450674 - Remove old test data

Reporter

Description

•

16 years ago

A quick win for performance could be removing old test data.

First ideas are removing/archiving anything older than 2 months. Need to get some feedback first from users before removing data.

alice nodelman [:alice] [:anode]

Comment 1

•

16 years ago

I think that the continuous graph information should persist (that would be the graphs that most people use for regression tracking).  They are also relatively small and grow at a reasonable rate.

It's the fine grained data for the individual tests that gets out of hand.  These would be the individual page load times, memory size sampled every second, cpu usage sampled every second, etc.  Since we end up maintaining the average value of each of these sets of data in the continuous graph I think that we could reasonable age out data after a few months.

In this scheme we would keep around a track record of the health of builds (and be able to monitor branching points, regressions, etc) while removing a lot of cruft that nobody is looking at.

Ryan Doherty (:rdoherty)

Reporter

Updated

•

16 years ago

Target Milestone: 0.4 → Future

Ryan Doherty (:rdoherty)

Reporter

Updated

•

16 years ago

Severity: normal → critical

Target Milestone: Future → 0.5

Ryan Doherty (:rdoherty)

Reporter

Comment 2

•

16 years ago

Adding Mark as we'll be working with him on this.

Ryan Doherty (:rdoherty)

Reporter

Comment 3

•

16 years ago

Reassigning to Mark after he proved his scripting skillz were far superior to mine.

Basic plan is:
1) Make backup
2) Delete data older than 60 days AND type = 'discrete'

Thanks Mark!

Assignee: rdoherty → mark

Severity: critical → major

Target Milestone: 0.5 → 0.6

Mark Smith [:xb95]

Assignee

Comment 4

•

16 years ago

When am I okay to do this?  Once I get the backup, can I start immediately?

Also we talked about making a cron to do it every night.  For now, you don't want to do that, correct?  We'll just purge and see how it goes once, and maybe cron it later?

Mark Smith [:xb95]

Assignee

Comment 5

•

16 years ago

FYI

mysql> select count(*) from dataset_branchinfo bi, dataset_info i where bi.dataset_id = i.id and i.date < unix_timestamp() - 86400*60;
+-----------+
| count(*)  |
+-----------+
| 765774246 |
+-----------+
1 row in set (18 min 28.06 sec)

This is 75% of the content in the graphs database.  (Which means that 25% of the content of the database has been created in the last two months... and since the oldest data is older than that... it's gone to plaid.)

Ryan Doherty (:rdoherty)

Reporter

Comment 6

•

16 years ago

(In reply to comment #4)
> When am I okay to do this?  Once I get the backup, can I start immediately?

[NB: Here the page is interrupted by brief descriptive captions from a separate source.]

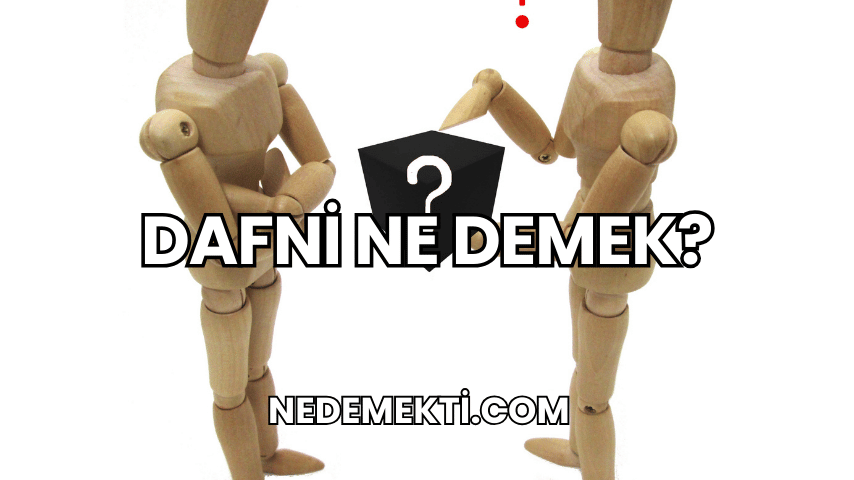 Dafni Ne Demek?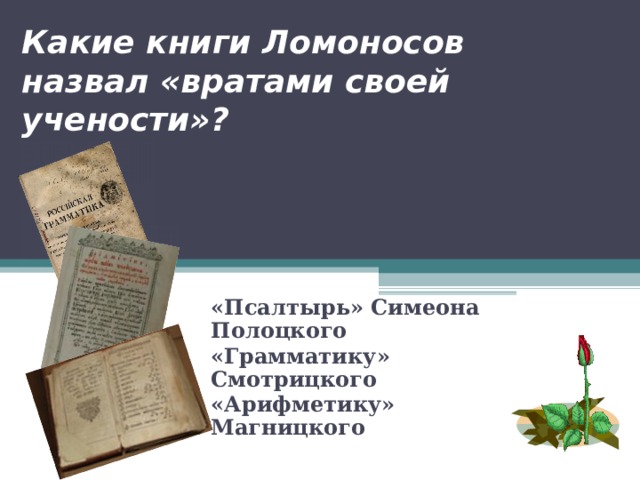 Какие книги Ломоносов назвал «вратами своей учености»? «Псалтырь» Симеона Полоцкого «Грамматику» Смотрицкого «Арифметику» Магницкого  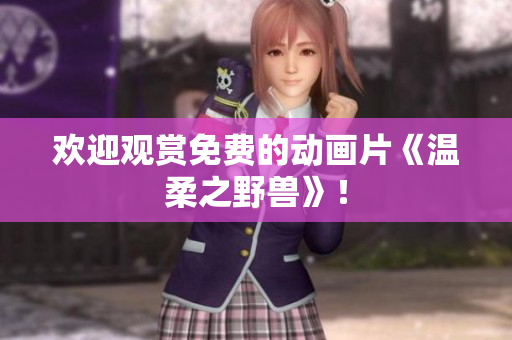 欢迎观赏免费的动画片《温柔之野兽》！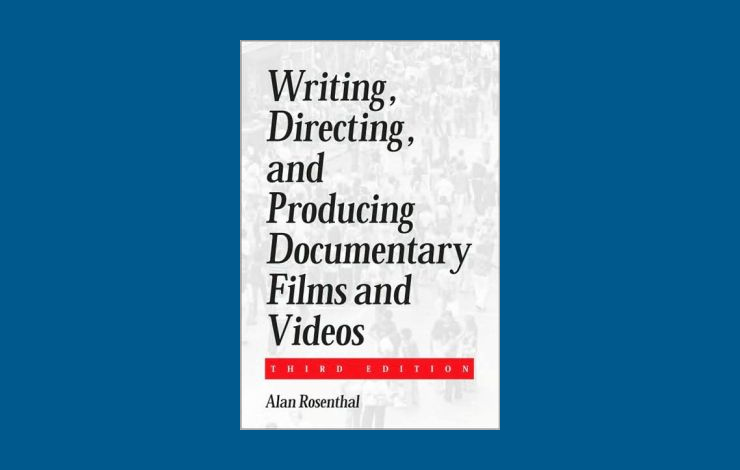 Alan Rosenthal, 'Writing, Directing and Producing Documentary Films', Carbondale: Southern Illinois University Press, 1990. Publication date: August, 1990.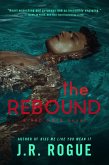 The Rebound: A Novel (Red Note, #1) (eBook, ePUB) The Rebound: A Novel (Red Note, #1) (eBook, ePUB)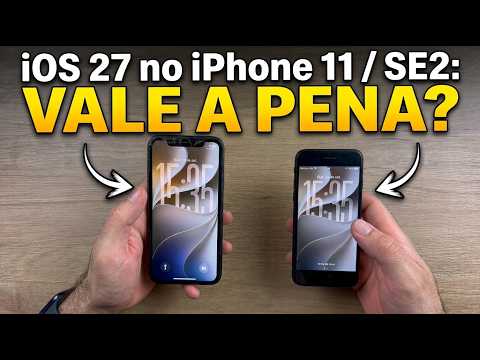 iOS 27 no iPhone 11 e SE 2: Vale a pena atualizar?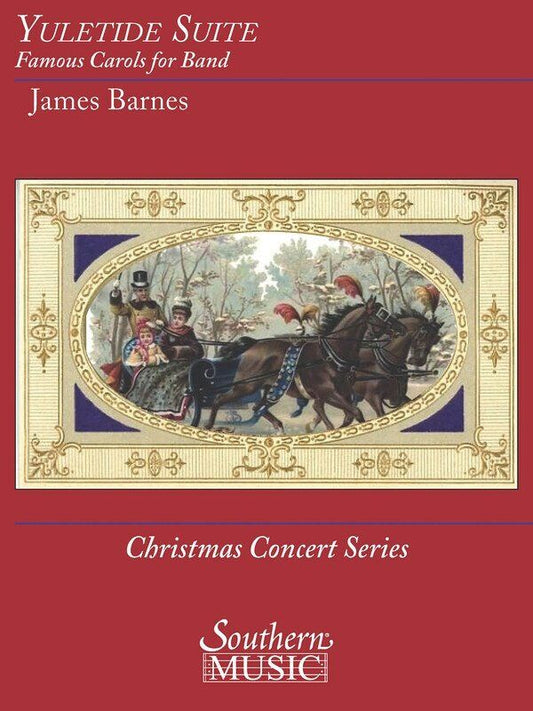 Yuletide Suite for Beginning Band by James Barnes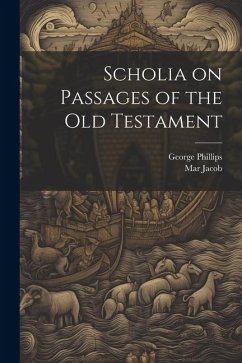 Scholia on Passages of the Old Testament - Jacob, Mar; Phillips, George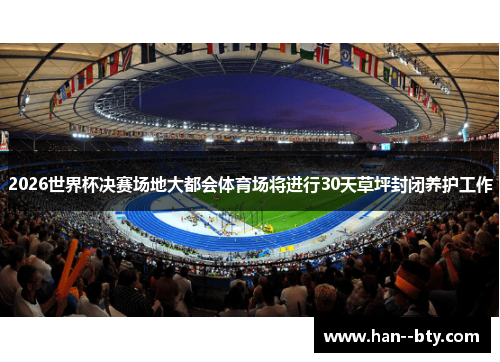 2026世界杯决赛场地大都会体育场将进行30天草坪封闭养护工作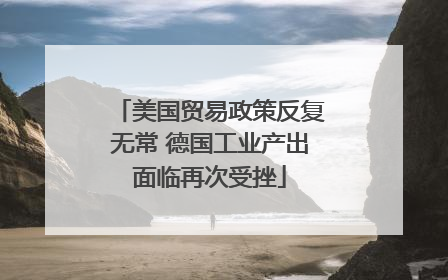 美国贸易政策反复无常 德国工业产出面临再次受挫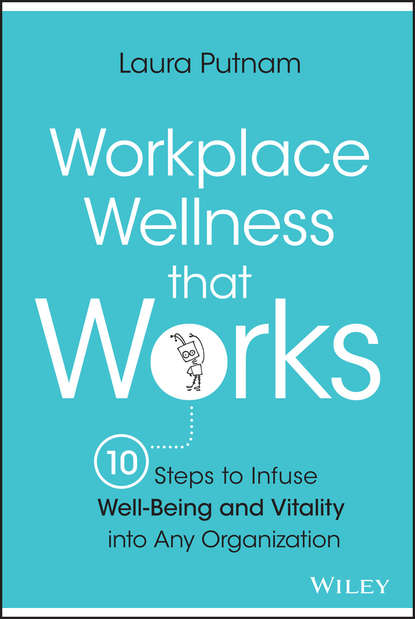 Laura  Putnam - Workplace Wellness that Works. 10 Steps to Infuse Well-Being and Vitality into Any Organization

Let's start dumping data on Tues 9/16 unless we have any big complaints when we announce it on Monday. Since we don't have a good list of everyone who uses the graph server, we'll have to announce it during the all-hands.

> Also we talked about making a cron to do it every night.  For now, you don't
> want to do that, correct?  We'll just purge and see how it goes once, and maybe
> cron it later?

Yes, correct.

Ryan Doherty (:rdoherty)

Reporter

Comment 7

•

16 years ago

Mark, can you list/attach the queries you'll be using to dump the data here? We'll need to verify we're removing the data we don't want and we're not missing anything.

Mark Smith [:xb95]

Assignee

Comment 8

•

16 years ago

Timestamp: 1216278000 in epoch time, aka 2008-07-17 00:00:00 UTC.

Step 1)

[root@mrdb05 graphs-dump]# echo "SELECT id FROM dataset_info WHERE date < 1216278000 AND type = 'discrete';" | mysql graphs_mozilla_org > old-ids
[root@mrdb05 graphs-dump]# wc -l old-ids
1172834 old-ids

So there are 1,172,834 items that are discrete and have a timestamp older than 60 days ago.  These are the items to remove.

Step 2)

Short Perl script that does the following:

    # get all the values used for this set
    SELECT time FROM dataset_branchinfo WHERE dataset_id = ?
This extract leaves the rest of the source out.